====== Data listing ======

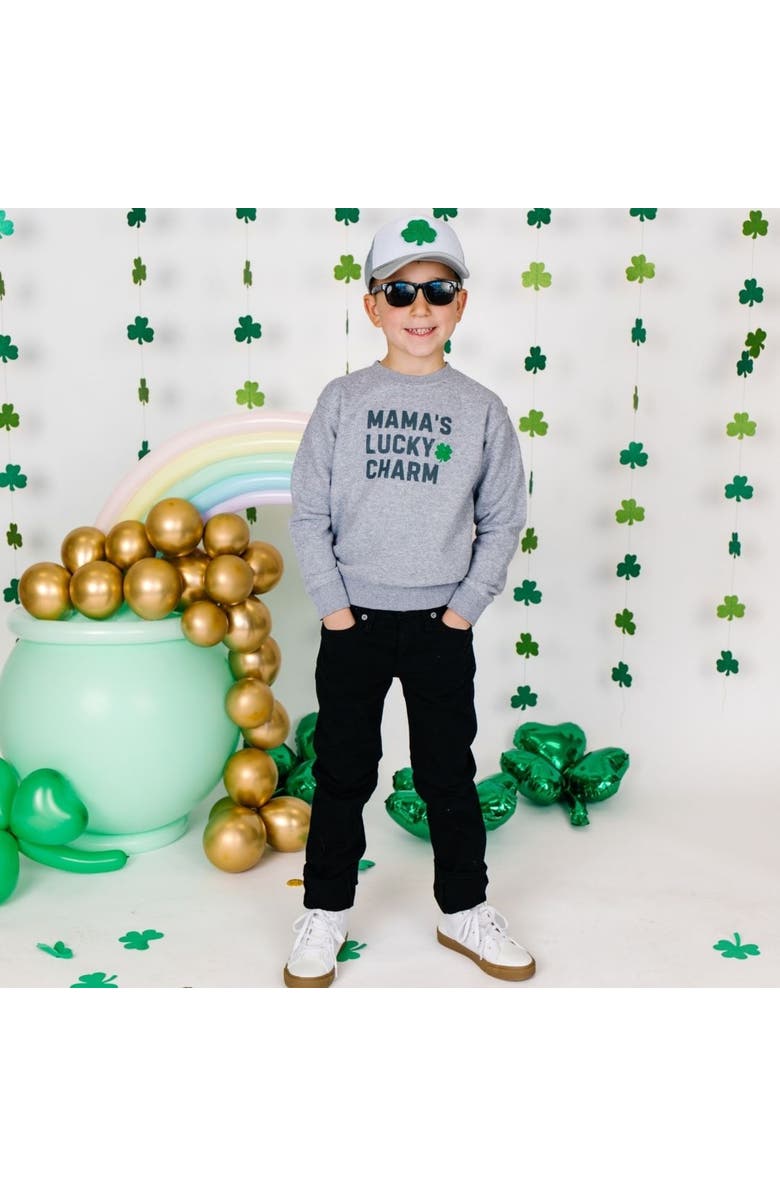 Sweet Wink Mama's Lucky Charm St. Patrick's Day Sweatshirt, Alternate, color, Grey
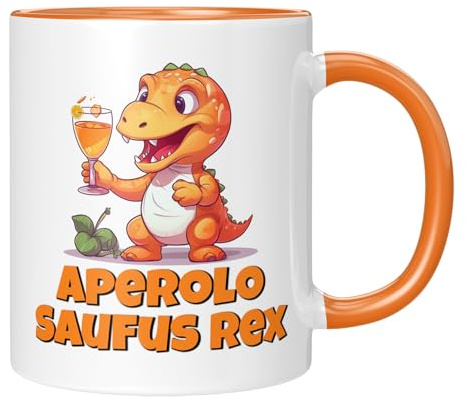 TassenTicker - Aperol Saufus Rex - Kaffeetasse - Geschenk für Kollegin, Freundin, Arbeitskollegin - lustig - Tasse - Büro - Weihnachten - Orange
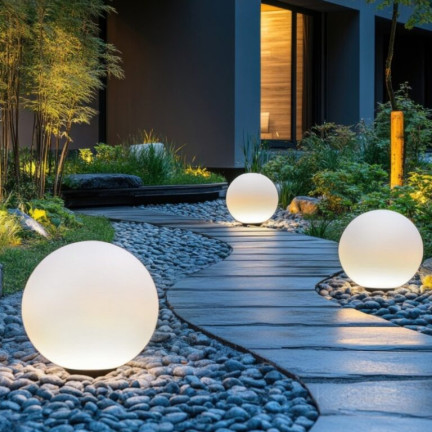 TG45639 Solar Ball LED Garden Light, White + RGB, 20 cm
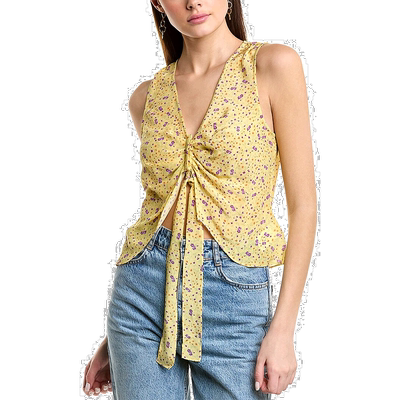 自营 Favorite Daughter The Gwen Silk Top yellow 美国奥莱直发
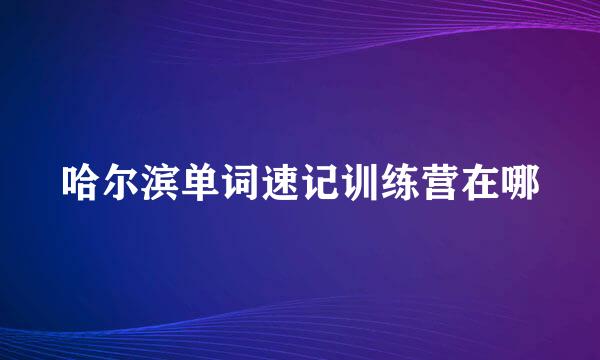 哈尔滨单词速记训练营在哪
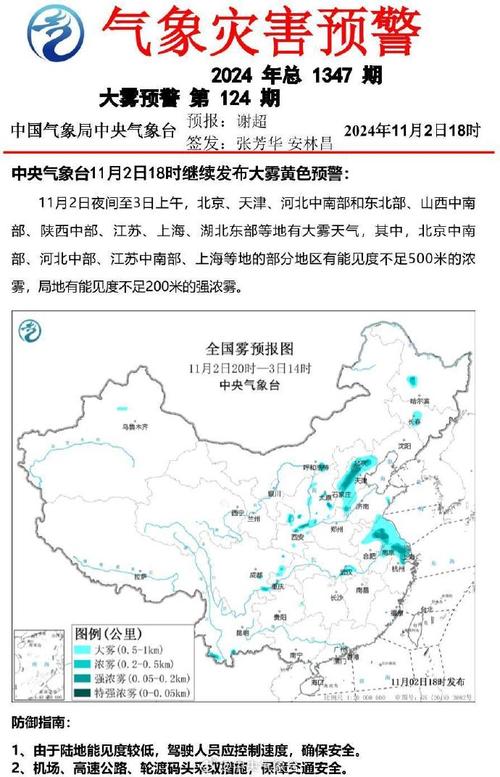 贵州省修文县发布大雾黄色预警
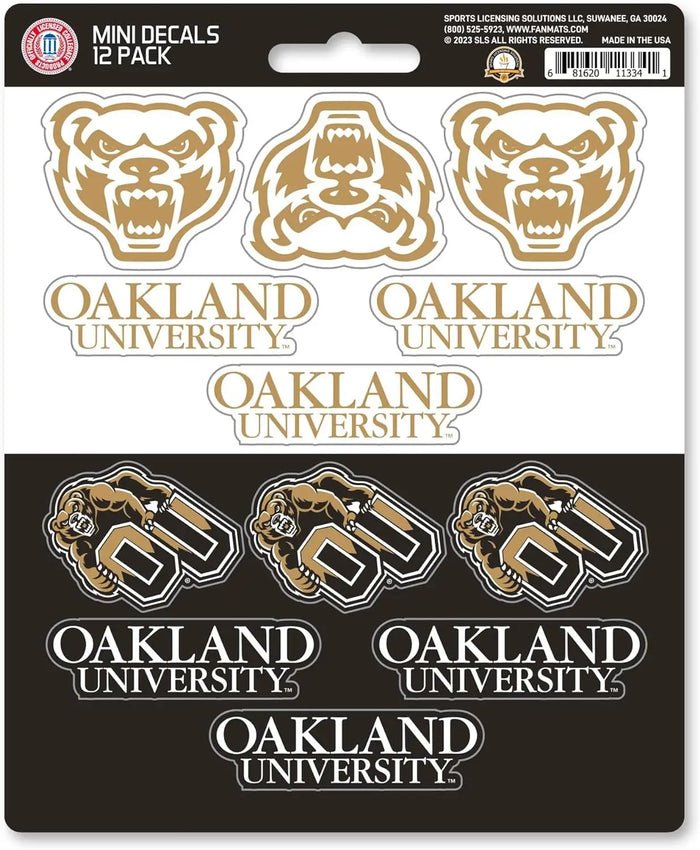Oakland University Golden Grizzlies 12-Piece Mini Decal Sticker Set, 5x6 Inch Sheet, Gift for football fans for any hard surfaces around home, automotive, personal items by Fielders Choice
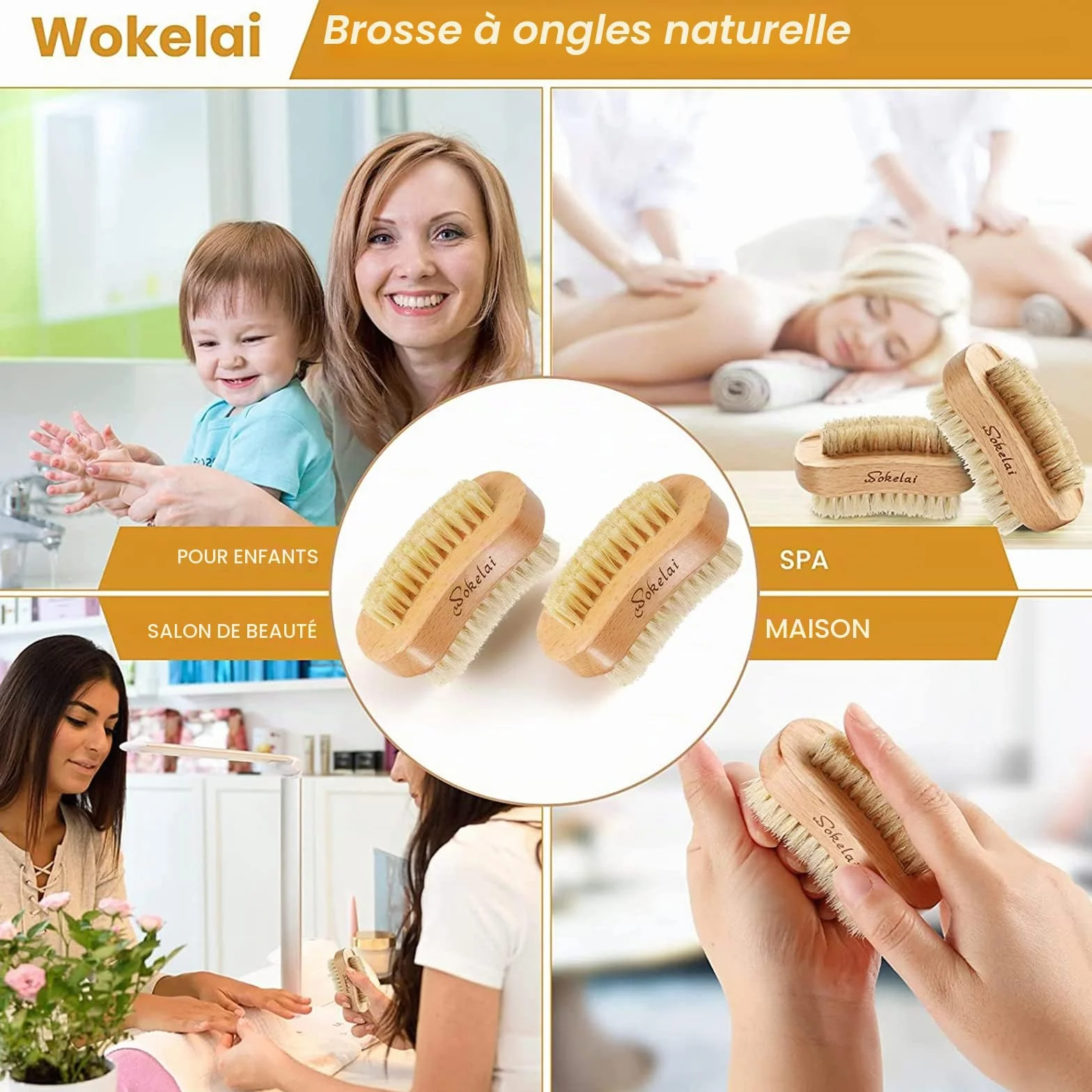 Brosses à Ongles en Bois Naturel et Sisal pour Manucure et Pédicure, Lot de 2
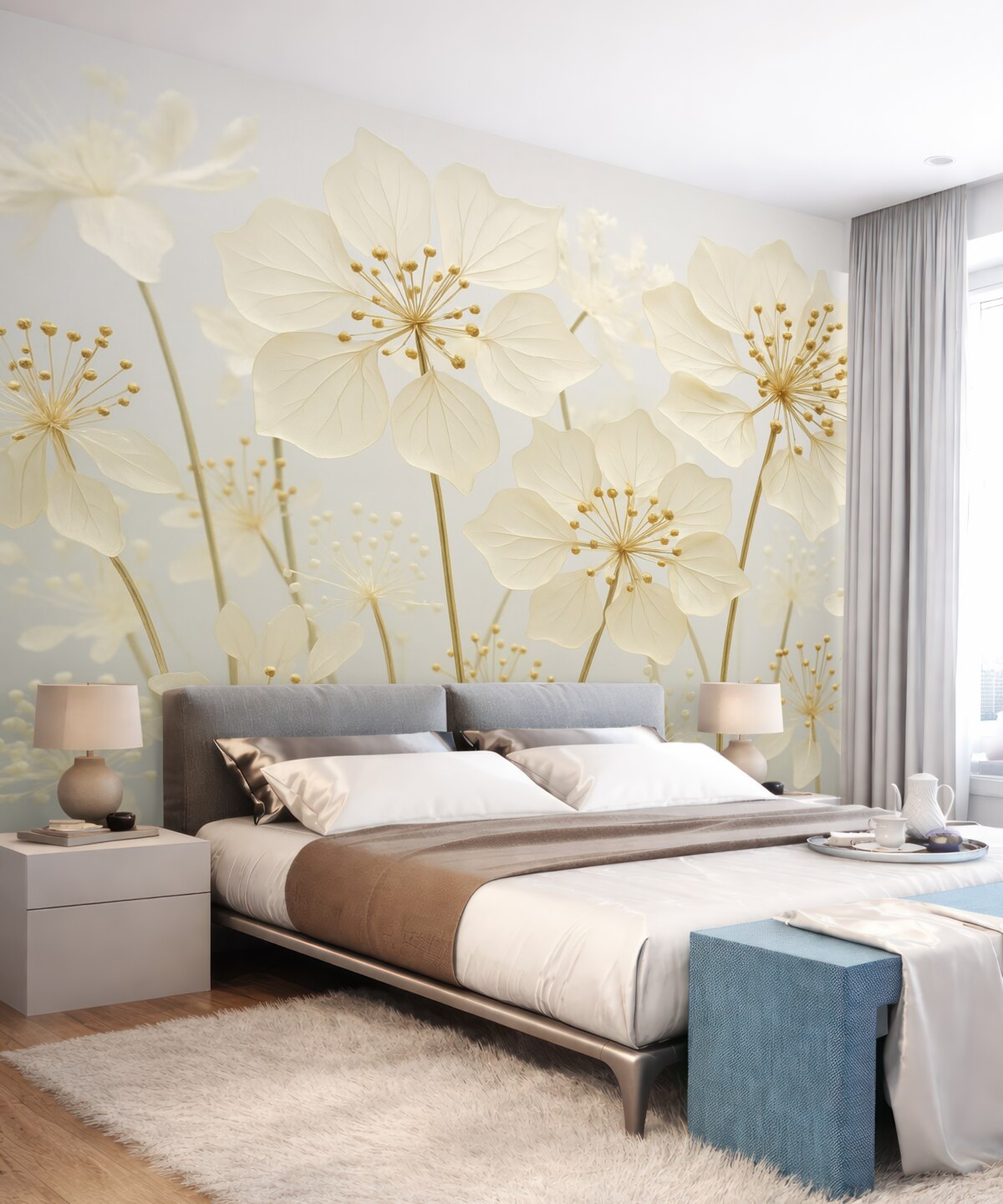 Fototapeta Delikatne łąkowe kwiaty na błękitnym tle.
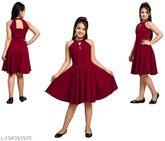 Maroon cotton blend party dress for girls (11-12, 12-13, 13-14 years), layered sash and brooch accent, Indian-made children's formal wear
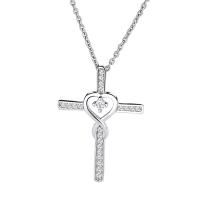 Zinc Alloy Jewelry Necklace with 5cm extender chain Cross silver color plated fashion jewelry & for woman & with rhinestone Length Approx 45 cm Sold By PC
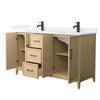 Custom image for White Oak with Matte Black Trim / White Quartz / No Mirror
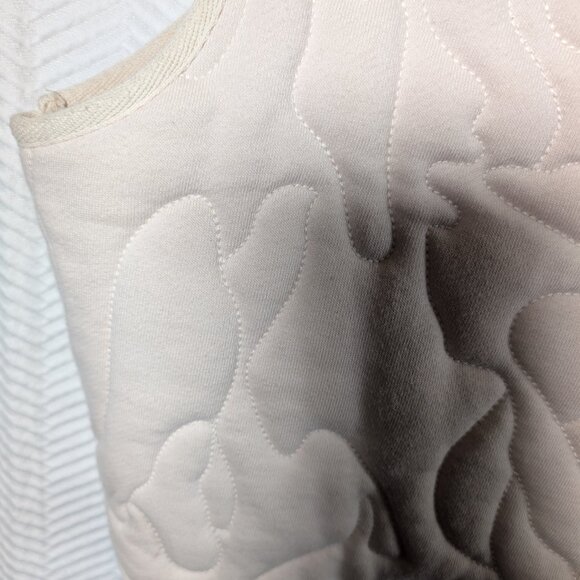 Mango Cream Quilted Vest Cropped Soft Lounge Layer Size Medium Cotton - Picture 6 of 8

======

Copy exactly the lines from the line that holds "Custom image for" to the end of the listing, both included. Leave the pictures out.

 Custom image for White Oak with Matte Black Trim / White Quartz / No Mirror
 Mango Cream Quilted Vest Cropped Soft Lounge Layer Size Medium Cotton - Picture 6 of 8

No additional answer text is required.